Kirche verliert Mitglieder
"Jahr der Taufe" ohne Effekt
Weniger Mitglieder, weniger Kirchensteuern: Die evangelische Kirche hat im vergangenen Jahr noch mehr Mitglieder verloren als im Jahr zuvor.
Rund 593 000 Menschen weniger gehörten 2023 einer der 20 evangelischen Landeskirchen an, das sind fast 3,1 Prozent weniger im Vergleich zum Vorjahr. Auch die Kirchenaustritte lagen mit 380 000 wieder gleich hoch wie im Vorjahr – ein Rekordwert.
Bei den Einnahmen aus der Kirchensteuer verzeichnete die EKD ein Minus von 5,3 Prozent. Die Einnahmen sanken auf 5,91 Milliarden Euro, liegen aber immer noch auf einem hohen Niveau, vergleichbar mit dem Jahr 2019.

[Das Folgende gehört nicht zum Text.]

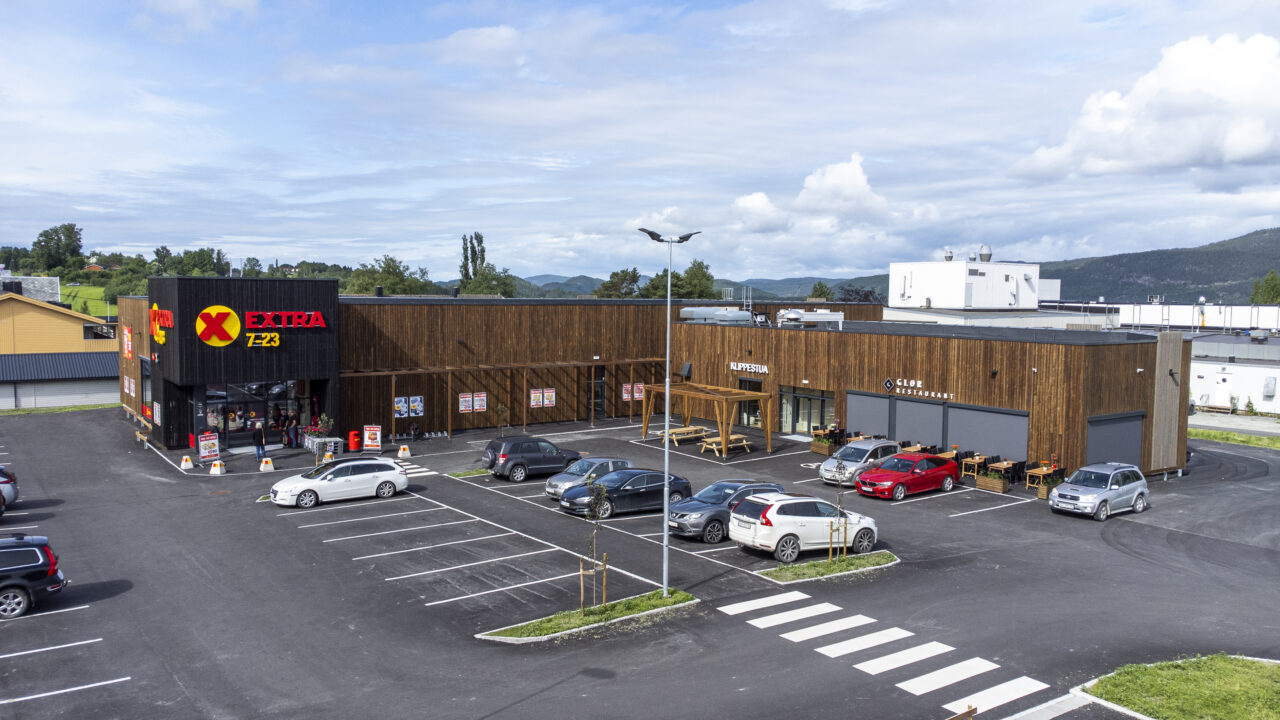 butikklokale med skiltene til Coop Extra, Gkør Restaurant og Klippestua. Foran bygget er det biler på parkeringsplassen.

Zum Stichtag 31. Dezember 2023 gehörten der evangelischen Kirche rund 18,6 Millionen Menschen an, das entspricht einem Anteil an der Bevölkerung von 21,9 Prozent. Im Vorjahr waren es noch 22,7 Prozent. «Wir werden eine kleinere und ärmere Kirche, dieser Tatsache müssen wir uns stellen», sagte die amtierende EKD-Ratsvorsitzende, Kirsten Fehrs.
Grund für den Mitgliederschwund sind Kirchenaustritte und Sterbefälle. Die Zahl der Kirchenaustritte hat die Zahl der Sterbefälle mittlerweile überholt. 380 000 Austritten und 340 000 Sterbefällen stehen nur rund 140 000 Taufen und 20 000 Aufnahmen entgegen. Nicht erfasst sind Zu- und Abwanderungen, sodass sich Unterschiede zu der Gesamtzahl ergeben können.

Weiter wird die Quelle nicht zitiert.